(DATASET Opens)

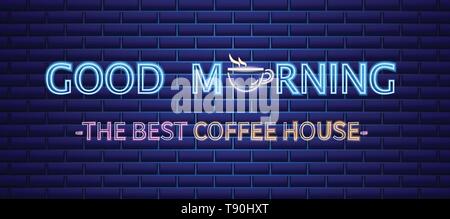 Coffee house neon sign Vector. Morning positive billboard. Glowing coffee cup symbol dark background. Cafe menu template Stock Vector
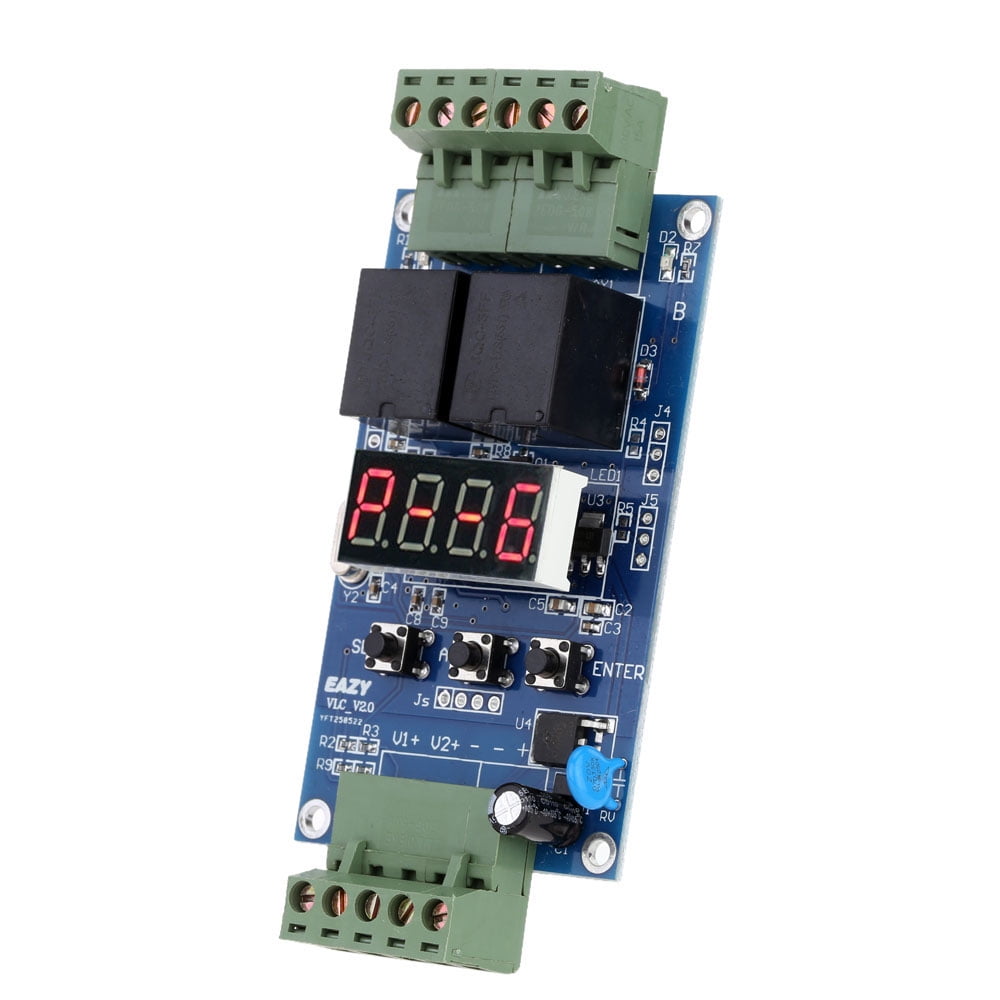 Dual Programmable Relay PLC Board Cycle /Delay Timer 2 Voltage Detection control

(DATASET Closes)
(DATASET Opens)

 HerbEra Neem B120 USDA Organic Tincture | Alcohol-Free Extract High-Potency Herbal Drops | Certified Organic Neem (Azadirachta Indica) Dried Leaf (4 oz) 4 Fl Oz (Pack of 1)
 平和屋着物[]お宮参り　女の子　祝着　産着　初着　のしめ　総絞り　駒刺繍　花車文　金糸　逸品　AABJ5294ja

(DATASET Closes)
(DATASET Opens)

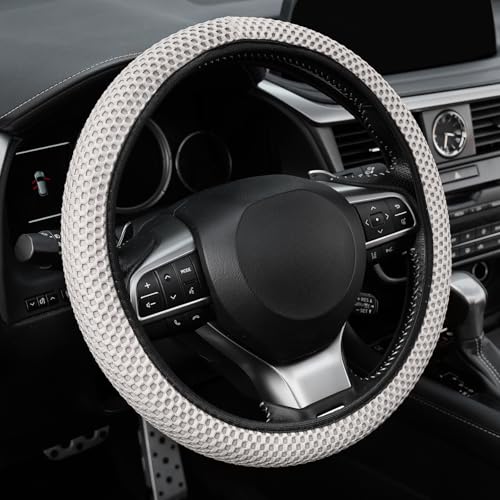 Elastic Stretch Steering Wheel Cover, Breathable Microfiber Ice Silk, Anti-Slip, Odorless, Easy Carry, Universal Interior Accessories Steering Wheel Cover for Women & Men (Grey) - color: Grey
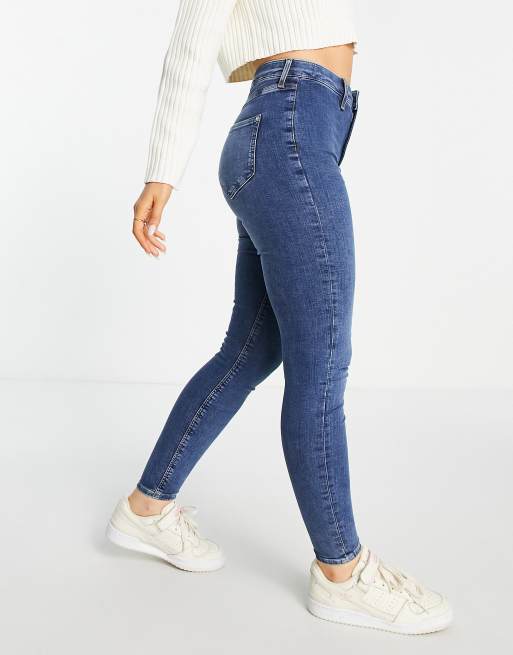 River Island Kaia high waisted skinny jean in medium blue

(DATASET Closes)

- [TASK GOAL] Only one stretch of the entries above is needed: the lines from the one containing "Coffee house neon" through the one containing "Dual Programmable Relay". Copy it exactly, without the pictures.

- [OUTPUT OF THE EXERCISE]
 Coffee house neon sign Vector. Morning positive billboard. Glowing coffee cup symbol dark background. Cafe menu template Stock Vector
 Dual Programmable Relay PLC Board Cycle /Delay Timer 2 Voltage Detection control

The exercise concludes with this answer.